Silah bırakmak için istenen demokrasi
Öcalan'ın 27 Mayıs'taki çağrısının başlığı "Barış ve Demokratik Toplum Çağrısı"ydı.
Kandil'deki terör örgütü şeflerine bakıyorsunuz... PKK'yı feshedip silahlı mücadeleyi kesin olarak sonlandıracaklarını, Öcalan'ın ortaya koyduğu demokratik dönüşümü gerçekleştireceklerini, kimsenin bundan endişe duymamasını, yalnız devletin ve iktidarın da hiçbir bahaneye sığınmadan demokratikleşme doğrultusunda gerekenlerini yapmasını beklediklerini söylüyorlar.
Oysa...
MHP lideri Bahçeli, sürecin enfekte olmaması için PKK'nın feshinin beklemeksizin bir an önce sağlanmasını, ellerini çabuk tutmalarını istiyor.
Nisan bitmeden kongreyi toplayacaklardı, olmadı.
Neyi bekliyorlar, niye ağırdan alıyorlar, derseniz...
Örgütün son açıklamasında somut iki şey vardı. Kongre için güvenli ortam oluşturulması, bir. "İmralı’daki durumun değişmesi" de iki.
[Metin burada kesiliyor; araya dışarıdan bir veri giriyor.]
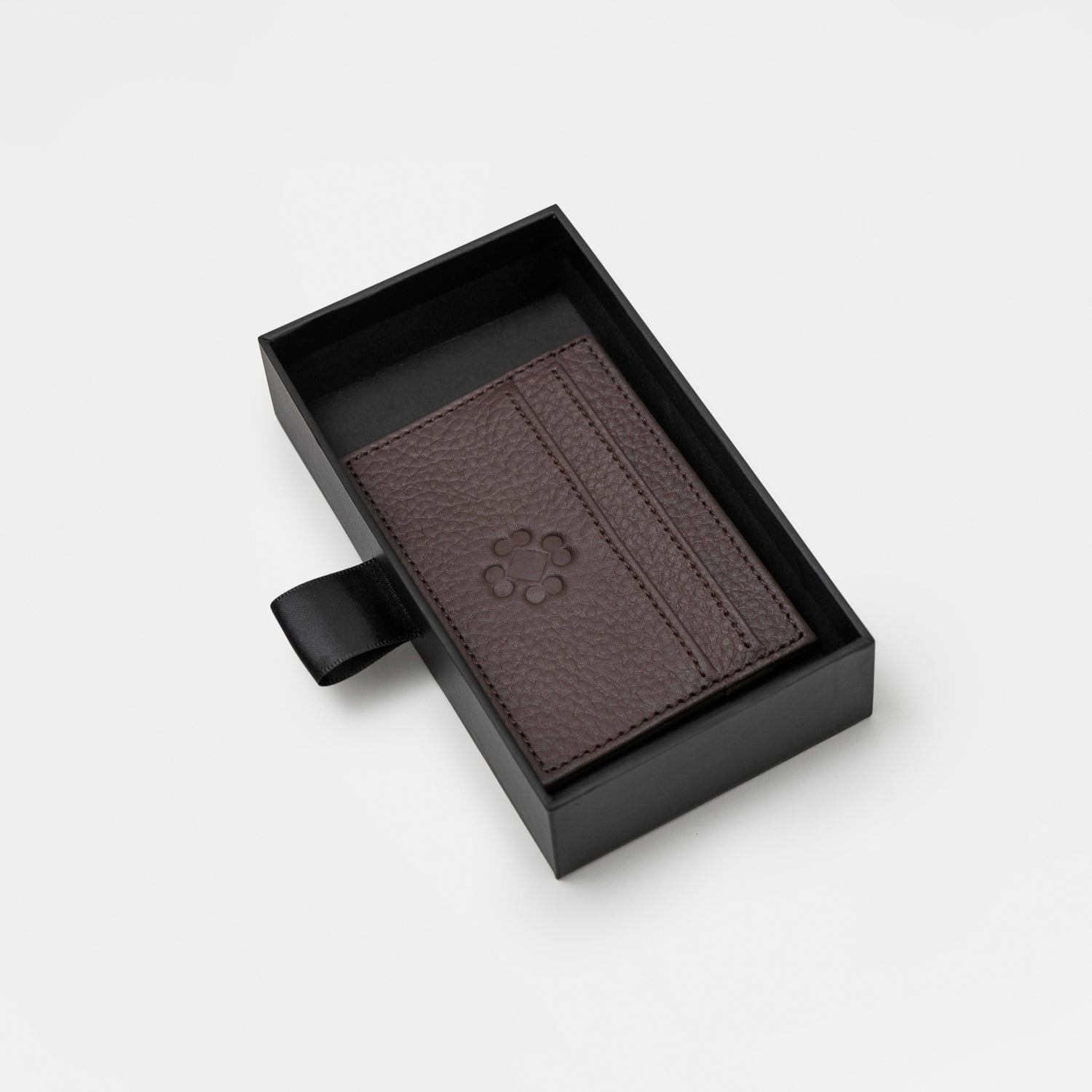 Card Holder 4 - Brown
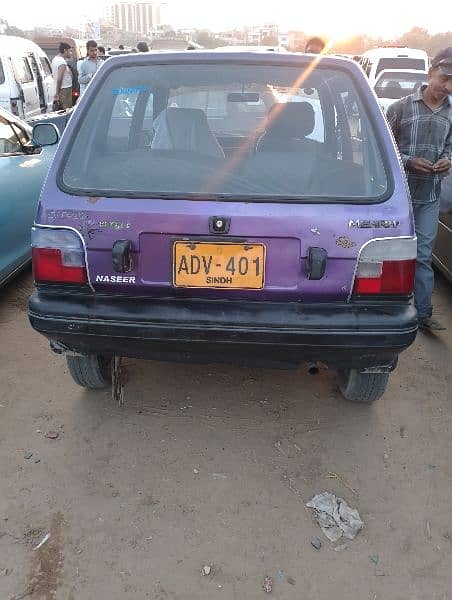 Suzuki Mehran VX 2002 9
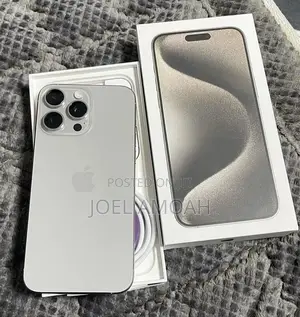 Apple iPhone 15 Pro Max 256 GB Silver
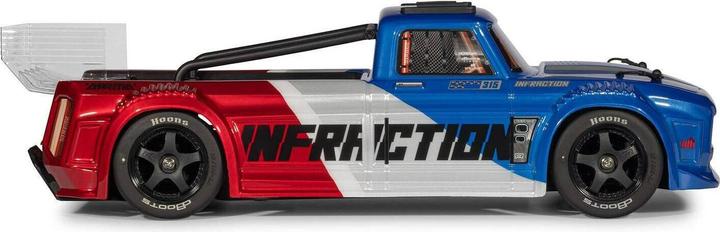 Produktbild Arrma Race Truck Infraction 223S DSC 4 x 4 1:8, ARTR Blau/Rot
Nasıl bir değişiklikten mi söz ediyorlar: "Öcalan'ın özgür yaşar ve çalışır koşullara kavuşarak parti kongresini yönetir hale gelmesi gerekiyor."
O yüzden "acele etmemeye ve süreci bozan taraf olmamaya" çalışıyorlarmış.
DEM'e kulak kesiliyorsunuz... Eş Genel Başkanı Hatimoğulları, "Öcalan’ın iletişim ve çalışma özgürlüğü başta olmak üzere atılması gereken adımlarla ilgili top artık iktidarın sahasındadır" havasında.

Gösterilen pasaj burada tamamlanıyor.